Enggaklah shil. Intinya aku enggak
pernah ingin memilikinya…,” sergah gue”.
“Cinta kan gak harus memiliki …”
Ungu banget sih loe !! “gue terbahak”
Cinta
dalam hati … shilvi terbahak. Ah, “cinta dalam hati”, menyebalkan, tapi
memang faktual lo !! Cinta tak harus saling memiliki, menyebalkan tapi memang
riil !! Gedubrakkk …., nyaris dah si
shilvi jatuh dari kursi ini …. ^_^ !
***
Di tengah malam dengan hembusan angin malam yang dingin menusuk
tubuh sampai ke tulang, dengan jari-jari gemetar, gue hapus namanya dari daftar
teman facebook. Karna gue takut terlanjur cinta dan benar-benar mencekik
kebahagian gue di alam nyata. Ada perih meningkahi hati gue detik itu juga. Ada luka yang tercipta
yang di sini di balik ringkih dada. Ada rasa kehilangan yang sontak menghajar
kehidupan. Ada serpihan sesal yang menyelubungi selembar jiwa, bahwa sejak saat
inilah gue akan benar-benar gak akan bisa baca status, komen,pesan dan segala
hal yang jadi kebiasaannya selama ini.
Sekarang sudah waktunya buat gue
mencari teman yang nyata keberadaannya, ea salah satunya shilvi yang
akhir-akhir ini gue sama dia begitu deket. Tapi gue merasa gak enak sendiri
sama teman-teman yang di sekolah karna gue kemana-mana selalu sama shilvi,
seperti orang lagi pacaran saja
kemana-mana selalu berdua. Huft…. Aseekkk !!
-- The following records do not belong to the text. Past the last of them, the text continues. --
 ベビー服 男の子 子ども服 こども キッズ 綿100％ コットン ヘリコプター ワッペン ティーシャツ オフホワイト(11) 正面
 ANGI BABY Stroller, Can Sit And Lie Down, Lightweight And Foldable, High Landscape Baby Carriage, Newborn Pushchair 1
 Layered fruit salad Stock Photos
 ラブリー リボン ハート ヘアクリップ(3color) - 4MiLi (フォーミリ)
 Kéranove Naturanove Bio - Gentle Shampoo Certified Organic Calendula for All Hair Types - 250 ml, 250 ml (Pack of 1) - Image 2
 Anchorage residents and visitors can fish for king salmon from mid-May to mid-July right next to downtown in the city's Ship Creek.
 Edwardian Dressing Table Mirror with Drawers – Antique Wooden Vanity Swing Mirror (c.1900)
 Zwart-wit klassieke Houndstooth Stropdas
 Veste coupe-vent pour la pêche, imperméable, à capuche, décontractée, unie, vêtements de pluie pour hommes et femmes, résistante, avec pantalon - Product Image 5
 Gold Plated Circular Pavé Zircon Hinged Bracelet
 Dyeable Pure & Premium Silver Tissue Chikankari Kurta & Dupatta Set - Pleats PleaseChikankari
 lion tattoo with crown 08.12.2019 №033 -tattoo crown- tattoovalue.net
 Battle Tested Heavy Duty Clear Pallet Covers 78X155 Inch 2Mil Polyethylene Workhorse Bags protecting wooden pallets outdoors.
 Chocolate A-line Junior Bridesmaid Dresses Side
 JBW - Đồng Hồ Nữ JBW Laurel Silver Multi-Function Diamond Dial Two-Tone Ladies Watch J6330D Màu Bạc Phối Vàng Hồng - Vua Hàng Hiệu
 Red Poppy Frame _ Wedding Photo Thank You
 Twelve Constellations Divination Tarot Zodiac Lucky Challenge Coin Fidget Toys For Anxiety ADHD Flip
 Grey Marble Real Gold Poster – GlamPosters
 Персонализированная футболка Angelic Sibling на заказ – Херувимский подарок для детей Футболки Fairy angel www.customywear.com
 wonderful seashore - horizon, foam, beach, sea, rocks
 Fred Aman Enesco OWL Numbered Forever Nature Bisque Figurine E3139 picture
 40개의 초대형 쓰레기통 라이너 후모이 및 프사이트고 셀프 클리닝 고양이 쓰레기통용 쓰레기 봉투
Ah, sepertinya memang ada benernya
nasihat hidup suku jawa itu bahwa “jalaran trisno soko kulino”, Cinta
bisa terjadi lantaran kebiasaan. Tapi jika emang benar apa shilvi mau jadi
pacar gue padahal baru beberapa bulan ini kita saling kenal itu pun gue gak tau
latar belakangnya, dan dia juga sebaliknya apa dia ngerti latar belakang gue
sebenarnya. Gue kan anaknya suka jalan pakek motor (adventure), enggak, enggak
… gue gak boleh jatuh cinta sama shilvi dia begitu cantik, anggun, baik, sopan
dan ramah. terlalu berharga bagi gue wanita seperti shilvi harus sakit hati
hanya karena perasaan cinta yang gue ucapkan nantinya.